Overriding Token Pair Matches
Note
Token pair overrides are only supported for English-English token pairs.
You can create text files that specify token (address field element) pairs that match. Tokens cannot contain whitespace. When RNI evaluates two address fields, each of which contains an element from the pair, it enhances the value of the resulting address match score. For example, if road
and rd
constitute a token pair, then the match score for Stuart Road
and Stuart Rd
will be higher than it would be if the token pair had not been specified.
The token pairs file name format is:
FIELD.txt
where FIELD is the AddressField
name.
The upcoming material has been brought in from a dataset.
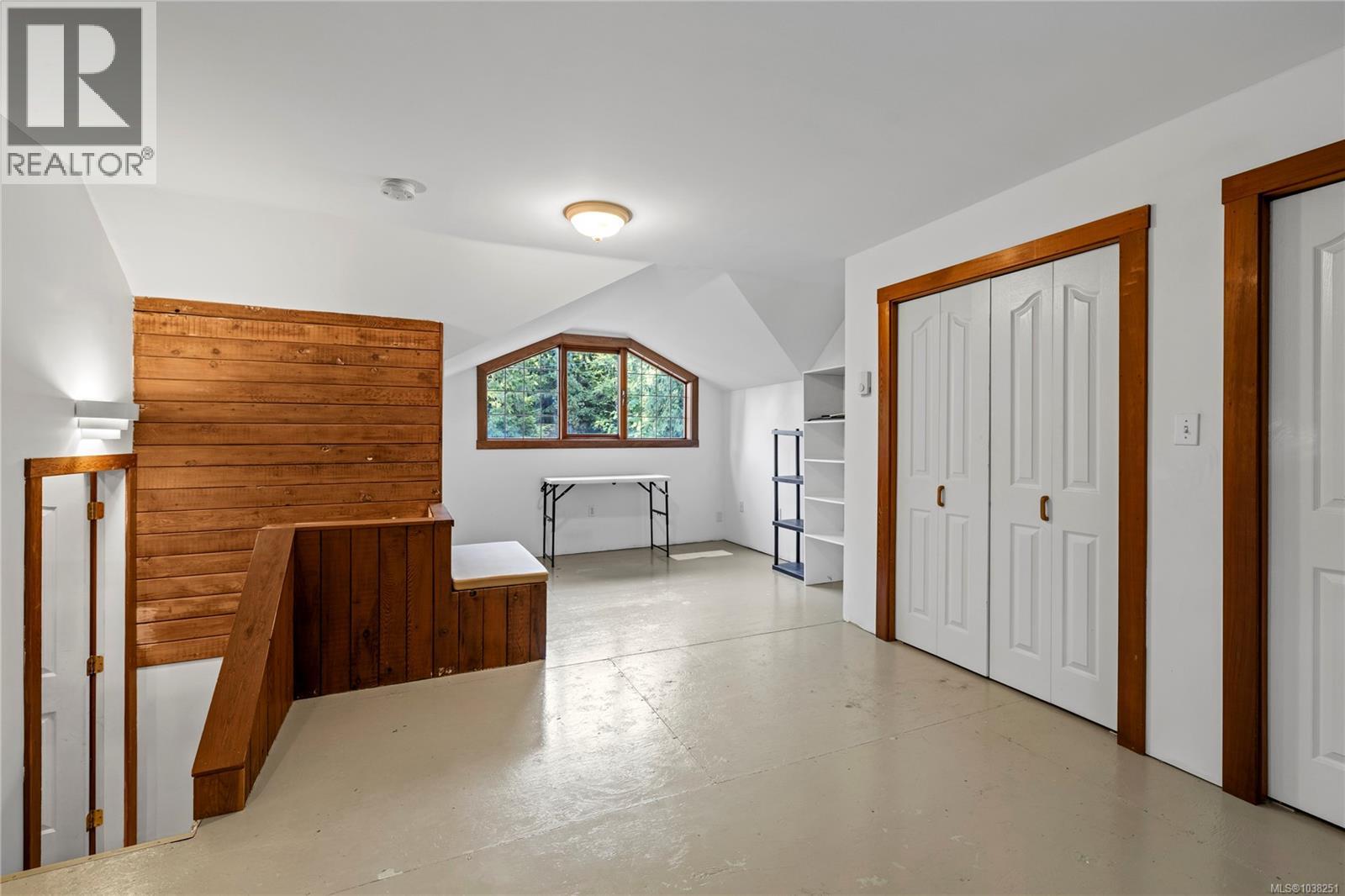 1352 Englishman River Rd, Errington, British Columbia  V0R 1V0 - Photo 22 - 1038251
Each entry in the file, except for rows that begin with #
, is a tab-delimited token pair and may include a raw score between 0.0 and 1.0. If no score is provided, the addressOverrideDefaultScore
parameter value will be used.
Token1 Tab Token2 Tab [0.0-1.0]
A token pair override score serves as a minimum score, but you can write /force
after a token score to force it to be exactly that value:
Token1 Tab Token2 Tab [0.0-1.0]/force
If you would like to prevent a token pair from matching, you can use the SUPPRESS indicator as an alias for "0.0/force".
RNI includes BT_ROOT/rlpnc/data/addresses/ref/override/state.txt
, which contains a list of U.S. state abbreviations. For example:
Massachusetts MA
California CA
This directory also contains English to English token overrides for unit
, level
, road
, city
, state
fields: unit.txt
, level.txt
, road.txt
, city.txt
, state.txt
.
When you create an additional file in the same location, use the respective AddressField
name in the filename to identify the address field each token element in the pair pertains to. For example cityDistrict.txt
indicates that the contents match cityDistrict address fields.